**Problem description**
Without the images, set down each entry exactly.

**Saved entries**
<<<<

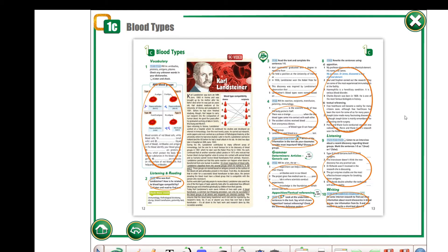Today's topic is called the Karl Landsteiner data. Please go to page number 12, which is about blood types.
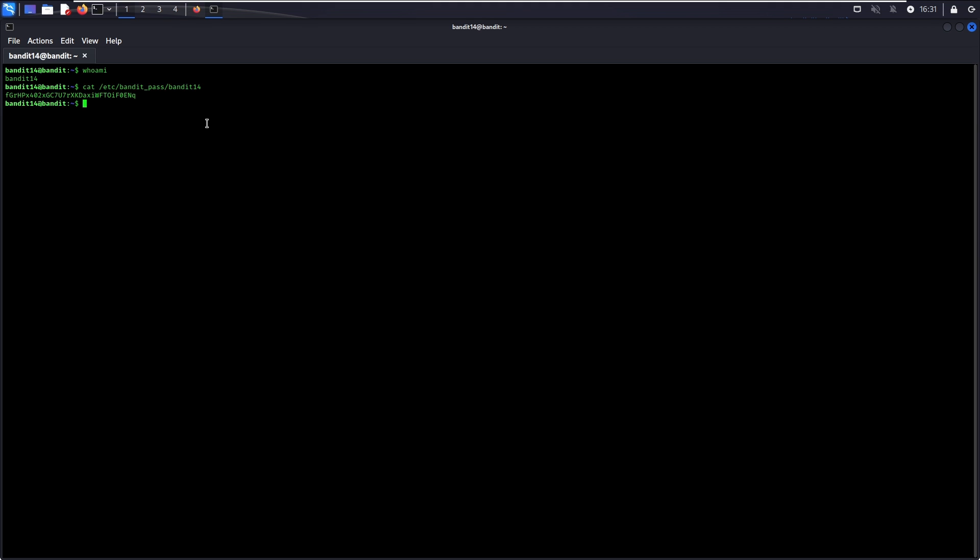Something worth noting about this level is that it is an introduction to public key cryptography. To put it in layman terms, this method of performing authentication makes use of two different keys: a private key and a public key. The reason you can directly log in to bandit 14 using the private key is because its public key is already set up previously. It can be used as a form of authentication method because, as the name suggests, it is private to the user and it is something that only the user should own and no one else.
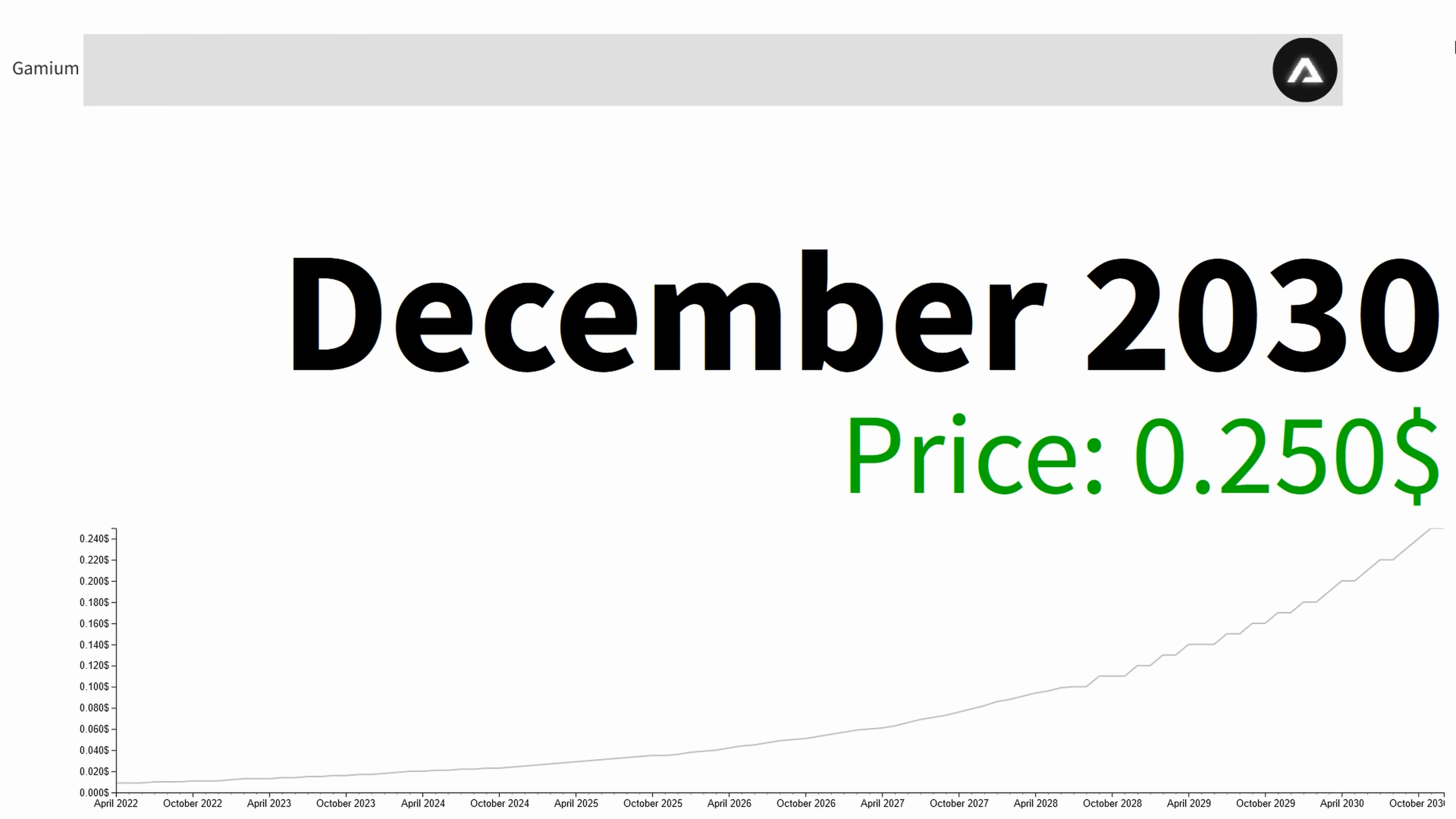So at the end of 2030 the average price is 25 cents. Thanks for watching.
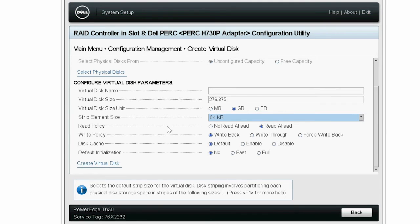The Read Policy parameter has the No Read Ahead and the Read Ahead options. Read Ahead allows the controller to read sequentially ahead of the requested data and to store the additional data in cache memory. No Read Ahead disables the Read Ahead capability. You can select any of these options. Here, Read Ahead is selected.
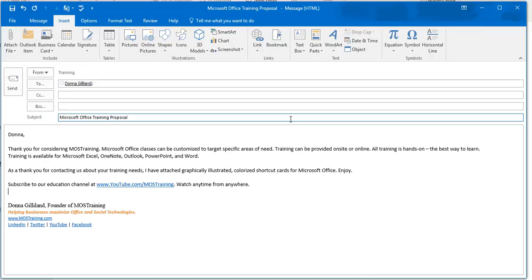It's a huge time saver. I hope you found this quick Microsoft Outlook tip helpful. Again, my name is Donna Gilliland. And I am founder of Moss Training, where I provide customized training in Microsoft Office. Have a great day, everyone. More power tips coming your way soon. It's bye for now.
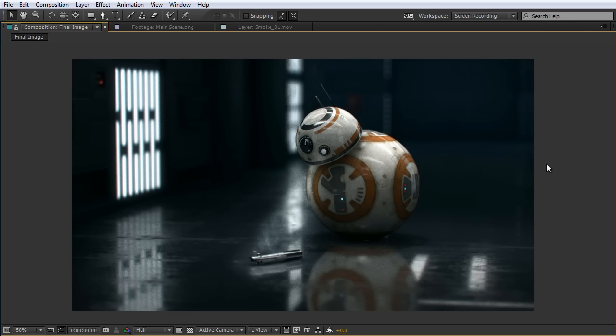That's everything that went into creating this scene with BB-8. Hopefully you enjoyed this breakdown and picked up some tips. If you have any other questions, post them in the comments and I'll get back to you. This has been Charles Rager for Tuts Plus. Thanks for watching, I'll see you next time.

>>>>

**Task response**
Today's topic is called the Karl Landsteiner data. Please go to page number 12, which is about blood types.
Something worth noting about this level is that it is an introduction to public key cryptography. To put it in layman terms, this method of performing authentication makes use of two different keys: a private key and a public key. The reason you can directly log in to bandit 14 using the private key is because its public key is already set up previously. It can be used as a form of authentication method because, as the name suggests, it is private to the user and it is something that only the user should own and no one else.
So at the end of 2030 the average price is 25 cents. Thanks for watching.
The Read Policy parameter has the No Read Ahead and the Read Ahead options. Read Ahead allows the controller to read sequentially ahead of the requested data and to store the additional data in cache memory. No Read Ahead disables the Read Ahead capability. You can select any of these options. Here, Read Ahead is selected.
It's a huge time saver. I hope you found this quick Microsoft Outlook tip helpful. Again, my name is Donna Gilliland. And I am founder of Moss Training, where I provide customized training in Microsoft Office. Have a great day, everyone. More power tips coming your way soon. It's bye for now.
That's everything that went into creating this scene with BB-8. Hopefully you enjoyed this breakdown and picked up some tips. If you have any other questions, post them in the comments and I'll get back to you. This has been Charles Rager for Tuts Plus. Thanks for watching, I'll see you next time.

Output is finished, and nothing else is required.